WHAT YOU HAVE TO DO:
In the records below, find the line with "Starknet's v0.13.0 vote" and the line with "MS 4, vol. 127, f.112v, Martyrdom"; return exactly those lines and every line between them.

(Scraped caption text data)
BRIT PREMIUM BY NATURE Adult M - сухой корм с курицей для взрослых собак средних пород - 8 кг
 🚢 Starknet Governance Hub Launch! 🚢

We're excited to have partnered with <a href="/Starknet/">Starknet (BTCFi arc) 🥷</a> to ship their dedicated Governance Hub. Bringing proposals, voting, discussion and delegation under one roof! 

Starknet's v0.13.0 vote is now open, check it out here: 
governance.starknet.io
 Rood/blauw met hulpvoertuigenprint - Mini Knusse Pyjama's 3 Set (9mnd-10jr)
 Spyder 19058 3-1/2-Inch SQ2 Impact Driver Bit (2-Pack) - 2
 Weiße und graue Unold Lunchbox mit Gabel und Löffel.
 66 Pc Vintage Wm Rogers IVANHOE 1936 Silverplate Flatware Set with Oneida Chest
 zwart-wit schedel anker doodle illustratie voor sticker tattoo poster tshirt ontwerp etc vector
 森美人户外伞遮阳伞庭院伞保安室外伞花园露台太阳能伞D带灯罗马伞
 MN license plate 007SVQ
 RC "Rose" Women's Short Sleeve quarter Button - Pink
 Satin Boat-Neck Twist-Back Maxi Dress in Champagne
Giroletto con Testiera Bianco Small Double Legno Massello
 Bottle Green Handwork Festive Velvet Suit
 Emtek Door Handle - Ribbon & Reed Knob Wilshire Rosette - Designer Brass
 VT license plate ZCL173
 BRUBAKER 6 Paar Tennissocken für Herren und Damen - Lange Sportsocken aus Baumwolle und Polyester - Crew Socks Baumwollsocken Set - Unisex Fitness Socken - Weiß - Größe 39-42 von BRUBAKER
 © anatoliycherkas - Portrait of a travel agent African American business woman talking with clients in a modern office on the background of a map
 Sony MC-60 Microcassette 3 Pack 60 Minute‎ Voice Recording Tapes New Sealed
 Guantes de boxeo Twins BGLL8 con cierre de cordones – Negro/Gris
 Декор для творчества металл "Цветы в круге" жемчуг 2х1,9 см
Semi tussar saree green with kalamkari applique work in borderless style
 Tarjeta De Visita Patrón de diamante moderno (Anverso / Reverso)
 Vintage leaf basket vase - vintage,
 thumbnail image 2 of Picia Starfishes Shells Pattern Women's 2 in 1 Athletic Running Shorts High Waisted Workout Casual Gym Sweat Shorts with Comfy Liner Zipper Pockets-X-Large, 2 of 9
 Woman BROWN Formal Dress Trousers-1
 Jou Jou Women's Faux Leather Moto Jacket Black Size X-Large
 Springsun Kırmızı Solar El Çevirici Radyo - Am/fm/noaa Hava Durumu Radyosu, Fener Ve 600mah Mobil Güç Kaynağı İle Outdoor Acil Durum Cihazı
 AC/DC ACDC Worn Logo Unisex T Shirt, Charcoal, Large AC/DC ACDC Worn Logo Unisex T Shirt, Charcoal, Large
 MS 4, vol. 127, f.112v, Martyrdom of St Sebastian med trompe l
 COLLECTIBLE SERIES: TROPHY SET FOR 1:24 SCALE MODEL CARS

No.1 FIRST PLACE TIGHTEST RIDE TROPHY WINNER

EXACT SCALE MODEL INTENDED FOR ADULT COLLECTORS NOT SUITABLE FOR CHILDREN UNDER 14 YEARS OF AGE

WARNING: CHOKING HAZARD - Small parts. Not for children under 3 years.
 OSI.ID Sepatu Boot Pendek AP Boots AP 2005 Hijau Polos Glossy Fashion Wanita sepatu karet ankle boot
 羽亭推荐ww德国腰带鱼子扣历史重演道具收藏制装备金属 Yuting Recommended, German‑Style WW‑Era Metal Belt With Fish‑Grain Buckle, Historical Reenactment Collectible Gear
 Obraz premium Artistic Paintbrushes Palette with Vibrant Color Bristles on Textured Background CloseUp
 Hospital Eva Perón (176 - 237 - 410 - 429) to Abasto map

EXERCISE OUTPUT:
Starknet's v0.13.0 vote is now open, check it out here: 
governance.starknet.io
 Rood/blauw met hulpvoertuigenprint - Mini Knusse Pyjama's 3 Set (9mnd-10jr)
 Spyder 19058 3-1/2-Inch SQ2 Impact Driver Bit (2-Pack) - 2
 Weiße und graue Unold Lunchbox mit Gabel und Löffel.
 66 Pc Vintage Wm Rogers IVANHOE 1936 Silverplate Flatware Set with Oneida Chest
 zwart-wit schedel anker doodle illustratie voor sticker tattoo poster tshirt ontwerp etc vector
 森美人户外伞遮阳伞庭院伞保安室外伞花园露台太阳能伞D带灯罗马伞
 MN license plate 007SVQ
 RC "Rose" Women's Short Sleeve quarter Button - Pink
 Satin Boat-Neck Twist-Back Maxi Dress in Champagne
Giroletto con Testiera Bianco Small Double Legno Massello
 Bottle Green Handwork Festive Velvet Suit
 Emtek Door Handle - Ribbon & Reed Knob Wilshire Rosette - Designer Brass
 VT license plate ZCL173
 BRUBAKER 6 Paar Tennissocken für Herren und Damen - Lange Sportsocken aus Baumwolle und Polyester - Crew Socks Baumwollsocken Set - Unisex Fitness Socken - Weiß - Größe 39-42 von BRUBAKER
 © anatoliycherkas - Portrait of a travel agent African American business woman talking with clients in a modern office on the background of a map
 Sony MC-60 Microcassette 3 Pack 60 Minute‎ Voice Recording Tapes New Sealed
 Guantes de boxeo Twins BGLL8 con cierre de cordones – Negro/Gris
 Декор для творчества металл "Цветы в круге" жемчуг 2х1,9 см
Semi tussar saree green with kalamkari applique work in borderless style
 Tarjeta De Visita Patrón de diamante moderno (Anverso / Reverso)
 Vintage leaf basket vase - vintage,
 thumbnail image 2 of Picia Starfishes Shells Pattern Women's 2 in 1 Athletic Running Shorts High Waisted Workout Casual Gym Sweat Shorts with Comfy Liner Zipper Pockets-X-Large, 2 of 9
 Woman BROWN Formal Dress Trousers-1
 Jou Jou Women's Faux Leather Moto Jacket Black Size X-Large
 Springsun Kırmızı Solar El Çevirici Radyo - Am/fm/noaa Hava Durumu Radyosu, Fener Ve 600mah Mobil Güç Kaynağı İle Outdoor Acil Durum Cihazı
 AC/DC ACDC Worn Logo Unisex T Shirt, Charcoal, Large AC/DC ACDC Worn Logo Unisex T Shirt, Charcoal, Large
 MS 4, vol. 127, f.112v, Martyrdom of St Sebastian med trompe l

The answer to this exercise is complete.